- Original film poster
- Directed by: Lindsay Shonteff
- Written by: Lindsay Shonteff (as Jeremy Lee Francis)
- Produced by: Elizabeth Gray
- Starring: Gareth Hunt
- Cinematography: Bill Patterson
- Edited by: Gerry Ivanov
- Music by: Leonard Young
- Production company: Lindsay Shonteff Film Productions
- Distributed by: Firebird Films
- Release date: August 1979 (UK);
- Running time: 94 minutes 78 minutes (US)
- Country: United Kingdom
- Language: English

= Licensed to Love and Kill =

1979 British film Lindsay Shonteff

Licensed to Love and Kill (VHS release titles The Man from S.E.X. and Undercover Lover) is a 1979 imitation James Bond film directed by Lindsay Shontef and starring Gareth Hunt. It was written by Shonteff (as Jeremy Lee Francis) and produced by his wife Elizabeth Gray.

==Plot==
Secret Agent Charles Bind is called in to investigate the disappearance of Lord Dangerfield, a British diplomat. The trail leads Bind to Dangefield's daughter Carlotta Muff-Dangerfield who is called "Lotta Muff", an ambitious American Senator named Lucifer Orchid, and Bind's counterpart in the forces of evil, Ultra One.

==Cast==
- Gareth Hunt as Charles Bind
- Nick Tate as Jensen Fury
- Fiona Curzon as Carlotta Muff-Dangerfield
- Geoffrey Keen as Stockwell
- Gary Hope as Senator Lucifer Orchid
- Don Fellows as vice-president
- John Arnatt as Merlin
- Toby Robins as Scarlet Star
- Imogen Hassall as Miss Martin
- John Junkin as helicopter mechanic
- Me Me Lai as Female Madam Wang
- Noel Johnson as Lord Dangerfield
- Anna Bergman as hotel receptionist
- Eiji Kusuhara as Male Madam Wang
- Doug Robinson as giant
- Deep Roy as midget

==Aspects of production==
During the production of Henson and Shonteff's previous Charles Bind film No. 1 of the Secret Service (1977), a sequel was announced entitled An Orchid for No. 1. Though initially signed to Shonteff for three films, Nicky Henson was signed by the Royal Shakespeare Company. Henson was replaced by Gareth Hunt who was known for his role as secret agent Mike Gambit in The New Avengers (1976–77).

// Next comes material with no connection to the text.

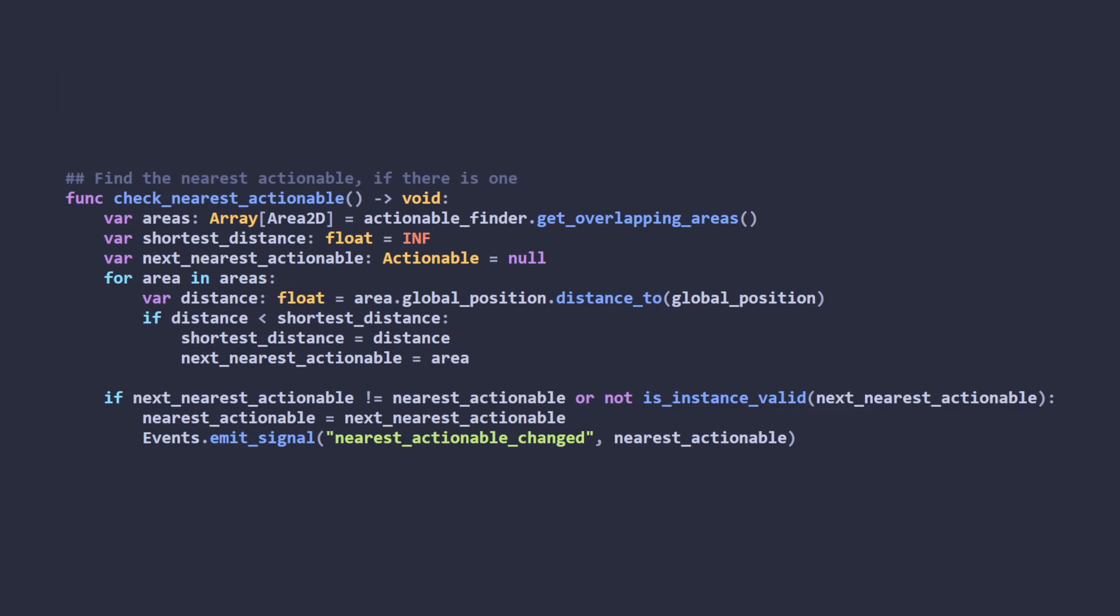In Coco's main controller script, I continually check for any overlapping actionable areas. If there is one, I check to see if it's new before updating the nearest actionable reference and emitting a signal to notify listeners of that change. This signal is mainly used so that the interface overlay can hide and show the actionable indicator icon above Coco's head.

Geoffrey Keen repeated his role as Bind's M type superior Rockwell. The original Rockwell from the Tom Adams Charles Vine films was played by John Arnatt who returned to Shonteff's series playing Merlin, the Q type character who issues Bind his secret weapons. Fiona Curzon who plays the female lead had a smaller different role in the previous No 1. of the Secret Service. Gary Hope had a role as an Army officer in the first Vine film Licensed to Kill (1965).

==Soundtrack==
Simon Bell wrote the music and Doreen Chanter composed and performed the theme song, Love is a Fine Thing.

==Reception==
Alan Burton in Historical Dictionary of British Spy Fiction, which cites that "the cycle of spy films began to lose steam in the 1970s", and mentions Licensed to Love and Kill and its preceding film No. 1 of the Secret Service as "the odd picture [that] turned up in the cinema schedules", refers to both films as "crude parodies".